Of the lines listed below, return exactly those that run from the line containing "900 Brickell Key" through the line containing "145980921 - Property Image 3", both included.

Short descriptive text snippets
****************************************
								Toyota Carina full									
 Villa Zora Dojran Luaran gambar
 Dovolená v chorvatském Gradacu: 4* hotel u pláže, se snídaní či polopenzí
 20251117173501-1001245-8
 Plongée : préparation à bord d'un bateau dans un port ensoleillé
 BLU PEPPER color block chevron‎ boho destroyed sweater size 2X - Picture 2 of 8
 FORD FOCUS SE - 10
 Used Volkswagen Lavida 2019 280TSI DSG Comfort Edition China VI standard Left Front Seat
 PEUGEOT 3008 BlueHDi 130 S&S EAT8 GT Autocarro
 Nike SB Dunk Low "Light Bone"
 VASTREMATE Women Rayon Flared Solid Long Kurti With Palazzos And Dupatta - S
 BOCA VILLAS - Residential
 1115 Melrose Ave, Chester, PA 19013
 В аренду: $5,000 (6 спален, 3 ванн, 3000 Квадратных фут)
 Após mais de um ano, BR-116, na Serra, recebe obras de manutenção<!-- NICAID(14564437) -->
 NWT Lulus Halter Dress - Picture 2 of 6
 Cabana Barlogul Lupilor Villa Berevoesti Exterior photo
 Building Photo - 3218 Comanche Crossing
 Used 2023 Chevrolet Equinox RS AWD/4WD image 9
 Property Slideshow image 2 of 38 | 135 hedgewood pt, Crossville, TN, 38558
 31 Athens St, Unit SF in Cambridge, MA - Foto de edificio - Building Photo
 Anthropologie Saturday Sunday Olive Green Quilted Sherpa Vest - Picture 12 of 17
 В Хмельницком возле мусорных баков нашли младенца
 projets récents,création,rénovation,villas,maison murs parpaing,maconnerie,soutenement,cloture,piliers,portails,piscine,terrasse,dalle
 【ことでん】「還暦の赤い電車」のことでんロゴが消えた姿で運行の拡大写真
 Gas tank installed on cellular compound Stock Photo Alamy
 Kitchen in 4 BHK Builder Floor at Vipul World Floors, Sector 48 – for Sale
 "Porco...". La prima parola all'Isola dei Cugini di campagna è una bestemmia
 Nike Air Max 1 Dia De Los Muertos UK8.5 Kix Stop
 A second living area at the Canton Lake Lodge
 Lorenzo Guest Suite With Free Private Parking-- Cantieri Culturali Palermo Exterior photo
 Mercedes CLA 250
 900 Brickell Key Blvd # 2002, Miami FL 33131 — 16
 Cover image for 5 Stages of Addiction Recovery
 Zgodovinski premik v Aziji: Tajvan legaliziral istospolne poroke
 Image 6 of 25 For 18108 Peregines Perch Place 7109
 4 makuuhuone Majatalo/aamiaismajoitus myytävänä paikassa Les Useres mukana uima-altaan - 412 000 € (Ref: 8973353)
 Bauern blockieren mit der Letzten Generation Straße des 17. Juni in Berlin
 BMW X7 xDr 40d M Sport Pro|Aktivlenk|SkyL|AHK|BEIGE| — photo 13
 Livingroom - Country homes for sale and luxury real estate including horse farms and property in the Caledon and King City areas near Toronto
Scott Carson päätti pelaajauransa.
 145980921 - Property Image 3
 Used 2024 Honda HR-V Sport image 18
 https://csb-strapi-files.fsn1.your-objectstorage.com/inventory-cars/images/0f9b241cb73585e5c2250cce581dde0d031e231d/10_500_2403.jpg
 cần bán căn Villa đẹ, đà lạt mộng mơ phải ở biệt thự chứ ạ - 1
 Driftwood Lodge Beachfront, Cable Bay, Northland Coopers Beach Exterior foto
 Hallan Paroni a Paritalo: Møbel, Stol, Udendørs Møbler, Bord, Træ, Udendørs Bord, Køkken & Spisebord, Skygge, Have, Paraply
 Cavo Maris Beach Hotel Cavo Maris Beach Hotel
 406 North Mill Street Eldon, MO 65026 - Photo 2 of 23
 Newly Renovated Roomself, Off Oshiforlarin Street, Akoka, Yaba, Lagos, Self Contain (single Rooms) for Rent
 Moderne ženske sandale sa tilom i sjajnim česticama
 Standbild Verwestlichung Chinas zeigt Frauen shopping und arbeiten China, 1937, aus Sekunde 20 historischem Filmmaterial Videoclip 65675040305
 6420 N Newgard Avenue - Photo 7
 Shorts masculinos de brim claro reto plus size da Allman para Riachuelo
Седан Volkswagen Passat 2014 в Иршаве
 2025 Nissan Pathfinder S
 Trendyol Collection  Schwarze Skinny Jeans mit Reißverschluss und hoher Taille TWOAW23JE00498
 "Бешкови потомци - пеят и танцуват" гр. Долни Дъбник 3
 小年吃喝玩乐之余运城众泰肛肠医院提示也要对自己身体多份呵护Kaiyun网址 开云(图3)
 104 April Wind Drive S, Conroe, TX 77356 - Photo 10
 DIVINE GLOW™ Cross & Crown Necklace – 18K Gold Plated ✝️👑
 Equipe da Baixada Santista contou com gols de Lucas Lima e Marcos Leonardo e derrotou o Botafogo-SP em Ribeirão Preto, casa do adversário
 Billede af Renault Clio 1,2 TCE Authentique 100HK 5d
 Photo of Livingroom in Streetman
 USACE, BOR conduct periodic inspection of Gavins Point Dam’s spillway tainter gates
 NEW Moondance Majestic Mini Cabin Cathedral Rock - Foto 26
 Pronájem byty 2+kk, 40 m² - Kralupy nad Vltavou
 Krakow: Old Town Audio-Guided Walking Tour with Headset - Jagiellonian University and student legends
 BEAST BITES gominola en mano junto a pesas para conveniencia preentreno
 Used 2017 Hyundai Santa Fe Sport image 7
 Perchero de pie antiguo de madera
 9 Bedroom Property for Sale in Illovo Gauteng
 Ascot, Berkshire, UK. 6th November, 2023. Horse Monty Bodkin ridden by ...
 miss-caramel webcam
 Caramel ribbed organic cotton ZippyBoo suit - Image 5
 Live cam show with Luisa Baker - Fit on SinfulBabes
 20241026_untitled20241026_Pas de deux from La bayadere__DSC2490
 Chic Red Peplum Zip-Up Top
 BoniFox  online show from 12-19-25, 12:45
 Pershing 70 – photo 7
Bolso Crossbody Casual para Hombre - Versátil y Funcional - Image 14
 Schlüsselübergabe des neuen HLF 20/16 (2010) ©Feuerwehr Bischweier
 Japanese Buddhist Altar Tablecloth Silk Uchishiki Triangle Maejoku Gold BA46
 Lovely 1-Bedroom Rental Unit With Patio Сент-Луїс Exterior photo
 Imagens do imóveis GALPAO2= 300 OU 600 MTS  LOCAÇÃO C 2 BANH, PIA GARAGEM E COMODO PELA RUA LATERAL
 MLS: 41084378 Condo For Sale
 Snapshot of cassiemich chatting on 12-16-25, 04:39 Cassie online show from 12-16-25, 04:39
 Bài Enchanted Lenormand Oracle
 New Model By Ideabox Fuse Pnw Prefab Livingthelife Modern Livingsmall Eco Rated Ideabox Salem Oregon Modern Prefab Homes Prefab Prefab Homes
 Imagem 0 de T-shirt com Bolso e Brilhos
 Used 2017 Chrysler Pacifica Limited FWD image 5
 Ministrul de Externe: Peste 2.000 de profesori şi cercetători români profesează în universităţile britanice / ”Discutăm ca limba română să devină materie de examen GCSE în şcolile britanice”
****************************************
**Answer for this exercise:**
 900 Brickell Key Blvd # 2002, Miami FL 33131 — 16
 Cover image for 5 Stages of Addiction Recovery
 Zgodovinski premik v Aziji: Tajvan legaliziral istospolne poroke
 Image 6 of 25 For 18108 Peregines Perch Place 7109
 4 makuuhuone Majatalo/aamiaismajoitus myytävänä paikassa Les Useres mukana uima-altaan - 412 000 € (Ref: 8973353)
 Bauern blockieren mit der Letzten Generation Straße des 17. Juni in Berlin
 BMW X7 xDr 40d M Sport Pro|Aktivlenk|SkyL|AHK|BEIGE| — photo 13
 Livingroom - Country homes for sale and luxury real estate including horse farms and property in the Caledon and King City areas near Toronto
Scott Carson päätti pelaajauransa.
 145980921 - Property Image 3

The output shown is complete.